The European diplomats came back with their counter-proposal to Iran on August 5, 2005. The terms were humiliating. They required Iran to make “a binding commitment not to pursue fuel cycle activities other than the construction and operation of light-water power and research reactors”. In other words, all enrichment and related activities on Iranian soil had to cease. This meant that the UK, France and Germany, the EU3, broke a commitment they had made at the outset of negotiations — to recognise Iran’s legal right under the non-proliferation treaty to the peaceful use of nuclear energy, subject always to “objective guarantees”.

Yet, more than once during these negotiations, Iran made proposals offering “objective guarantees” that its nuclear programme would be peaceful, including the continuous on-site presence at the conversion and enrichment facilities of inspectors from the IAEA. Nevertheless, the EU3 did not accept the plan as a basis for negotiation, leaving it to wither on the vine. In a speech to the UN on September 17, 2005, Iranian President Mahmoud Ahmadinejad made Iran’s most remarkable offer of all. He suggested that Iran’s enrichment programme be managed by an international consortium, with Iran agreeing shared ownership with other countries. Once again, this offer was rejected out of hand by the EU and the US. This EU intransigence meant that Iran was being invidiously singled out as the only party to the treaty that was forbidden to have uranium enrichment on its own soil. It was no surprise, therefore, that Iran rejected these proposals out of hand.

As a result, the country restarted its nuclear programme — with the consequences the world is living with today.

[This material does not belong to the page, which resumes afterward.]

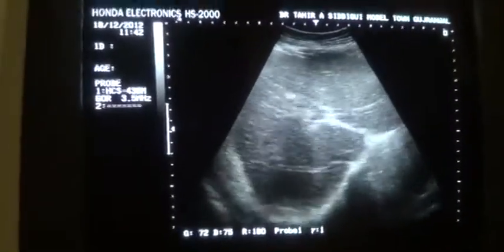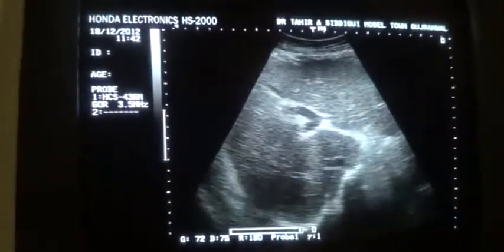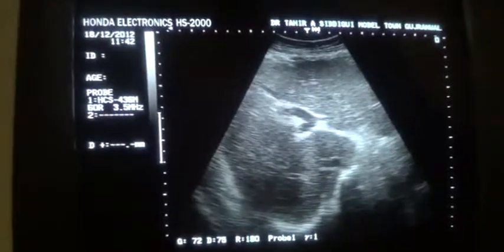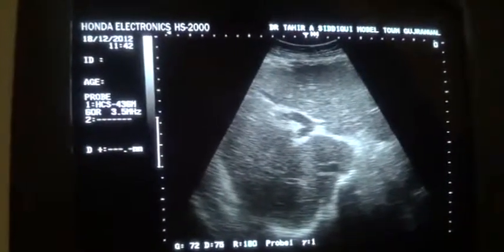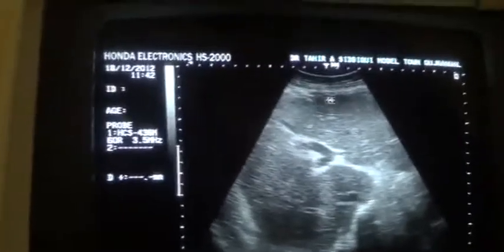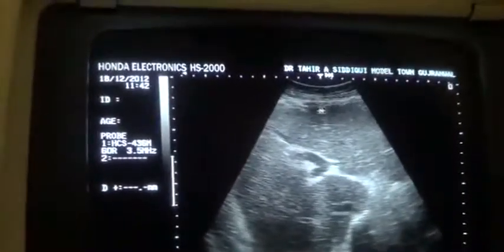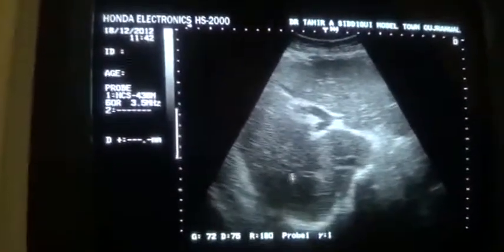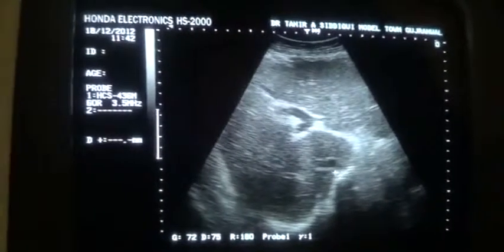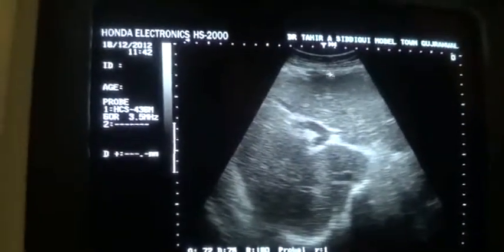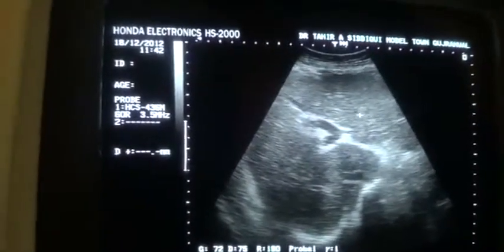Remember that in the majority — not all, but the majority — of cases of cirrhotic liver, this is identified as cirrhotic because you see that the outer surface is irregular and the texture is coarse. This is the left lobe of the liver in transverse section.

A historic opportunity was lost for Europe to come to a comprehensive settlement with Iran on a wide range of issues. It is reasonable to conclude that the EU states were not interested in devising “objective guarantees that Iran’s nuclear programme is exclusively for peaceful purposes”.

So what is going on? Why all the anger, the endless barrage of rhetoric and the ruthless drive to isolate Iran, which has led to sanctions that are reportedly driving millions to the brink of poverty and despair? The answer is that a different agenda is at work, which we believe has little or nothing to do with Iran’s nonexistent nuclear weapons. The US and its European clients are driven by a different compulsion: The humiliation and eventual destruction of Iran’s Islamic regime.

Confrontation with Iran is unnecessary. As the settlement proposed at the Quai d’Orsay suggests, Iran is prepared to deal with the West. It is the West that has refused repeatedly to accept the entreaties of the Iranians and refused to deal with Iran on reasonable terms. Some senior figures have recognised this. In a most encouraging interview with the Financial Times in June 2009, Senator John Kerry, then chairman of the Senate foreign relations committee, described the inflexibility on Iran by the former Bush administration as “bombastic diplomacy” that had “wasted energy” and “hardened the lines”.

Under the treaty, Iran had “a right to peaceful nuclear power and to enrichment in that purpose”, he said. If these views of Kerry in 2009 were to become the US policy propounded by Secretary of State Kerry in 2013, the prospects for a settlement with Iran on the nuclear issue would be excellent. It is bitterly ironic that any deal struck by the US with Iran, along the lines Kerry had suggested in 2009, will acknowledge Iran’s right to peaceful nuclear power — and therefore be nearly identical to the one offered by Iran’s negotiators at the Quai d’Orsay in 2005 — turned down contemptuously by the West.

— The Telegraph Group Limited, London, 2013

Peter Oborne and David Morrison’s book, A Dangerous Delusion: Why the West is Wrong about Nuclear Iran, has just been published by Elliott & Thompson.